Meghan Markle stood on the Buckingham Palace balcony for the first time with the Royal Family during the annual Trooping the Colour ceremony to celebrate the Queen’s birthday.
The Trooping of the Colour “has marked the official birthday of the British Sovereign for over 260 years,” according to the Royal Family’s website. Queen Elizabeth II is now 92-years-old. Her family gathered with her on the balcony on June 9, 2018, and rode through the streets of London in carriages. Among them: Meghan Markle, the American actress who recently wed Britain’s Prince Harry. You can see photos throughout this article.

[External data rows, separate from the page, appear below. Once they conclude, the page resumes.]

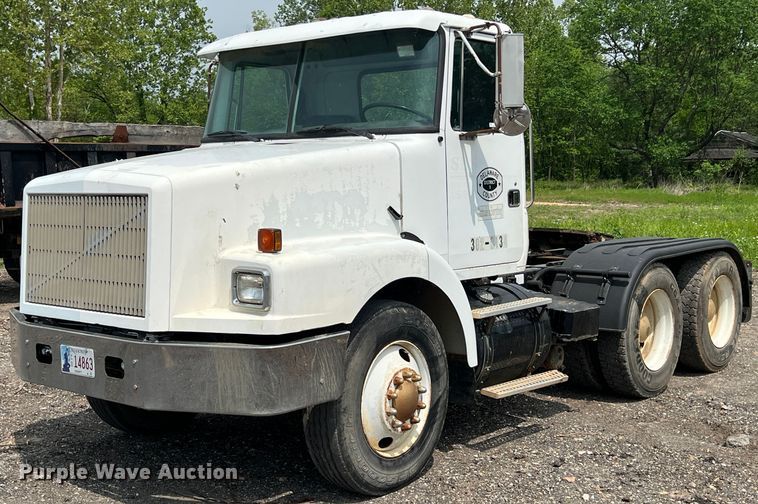 image for item LG9156 1994 White GMC WG Series  semi truck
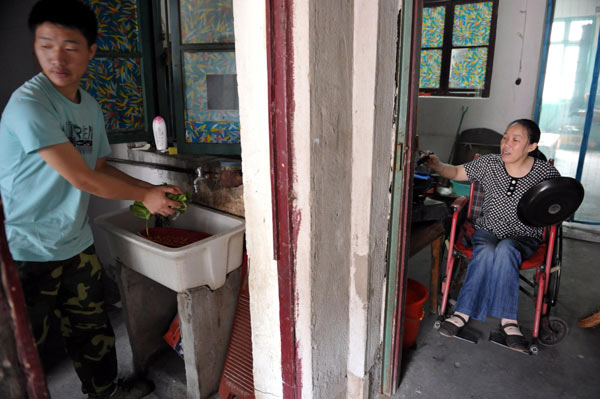 Jin Shujia and his mother prepare to cook in Hefei, East China&apos;s Anhui province, Sept 12, 2010. [Xinhua]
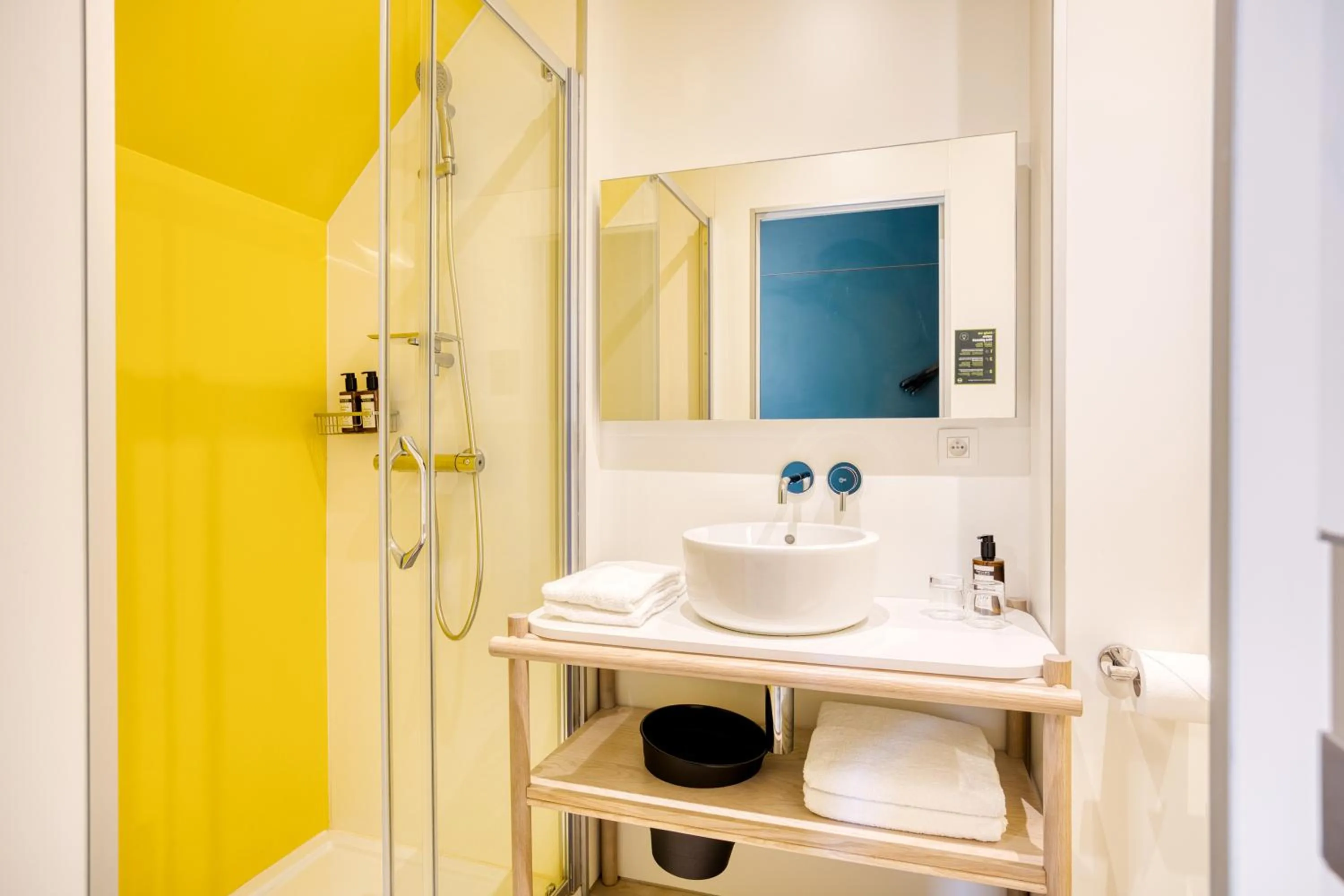 Shower in B&B HOTEL Brussels Centre Louise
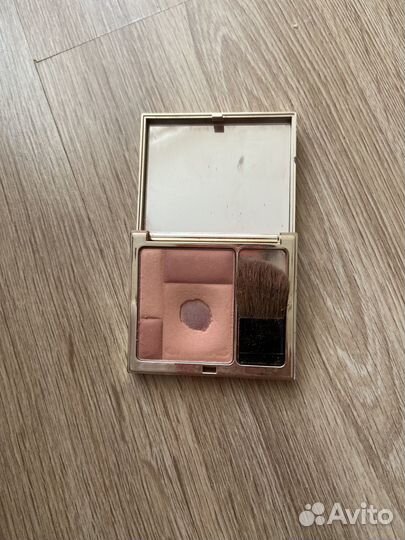 Clarins румяна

Here’s what you need to know:
Trooping the Colour is a ceremony designed to commemorate the Queen’s birthday. “Over 1400 parading soldiers, 200 horses and 400 musicians come together each June in a great display of military precision, horsemanship and fanfare to mark The Queen’s official birthday,” the family’s website explains.

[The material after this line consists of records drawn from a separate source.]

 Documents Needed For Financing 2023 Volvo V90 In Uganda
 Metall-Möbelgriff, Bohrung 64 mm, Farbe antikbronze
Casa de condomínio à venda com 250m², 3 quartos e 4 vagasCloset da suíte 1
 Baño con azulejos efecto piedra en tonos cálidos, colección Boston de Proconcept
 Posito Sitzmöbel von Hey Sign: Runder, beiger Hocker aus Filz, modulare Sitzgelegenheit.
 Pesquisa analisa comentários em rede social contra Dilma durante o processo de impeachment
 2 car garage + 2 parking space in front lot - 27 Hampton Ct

The streets “are lined with crowds waving flags as the parade moves from Buckingham Palace and down The Mall to Horse Guard’s Parade, alongside Members of the Royal Family on horseback and in carriages,” according to the website. Meghan Markle stood next to Prince Harry in the back of the family gathering. She was seen speaking with Harry and Prince Charles during various moments on the balcony.
Markle and Prince Harry are newlyweds, and she is now known by the title Duchess of Sussex, which was conveyed to her by the Queen upon the couple’s marriage. Prince Harry is sixth in line to the British throne. His father, Charles, his brother, William, and William’s three children are before Harry in the line of succession.

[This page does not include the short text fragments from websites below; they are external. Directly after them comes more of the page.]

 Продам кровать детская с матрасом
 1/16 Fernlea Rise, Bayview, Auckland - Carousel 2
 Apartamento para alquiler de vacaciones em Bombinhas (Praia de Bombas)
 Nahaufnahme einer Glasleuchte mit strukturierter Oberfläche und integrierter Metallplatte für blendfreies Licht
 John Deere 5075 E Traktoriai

According to the family’s website, the Trooping the Colour ceremony “closes with an RAF fly-past, watched by Members of the Royal Family from Buckingham Palace balcony.” That’s why the balcony photos often show the royals craning their necks to look into the sky.
What happens during a Trooping the Colour ceremony? As with a lot of things in royal circles, there are strict traditions that are followed. “Once The Queen has arrived at Horse Guard’s Parade in Whitehall, she is greeted by a Royal salute and carries out an inspection of the troops, who are fully trained and operational soldiers wearing the ceremonial uniform of red tunics and bearskin hats,” says the website.
The Queen used to ride on horseback during this ceremony, but she doesn’t do that anymore because of her age. Instead, the elderly monarch chooses to ride in a carriage along with the rest of her family.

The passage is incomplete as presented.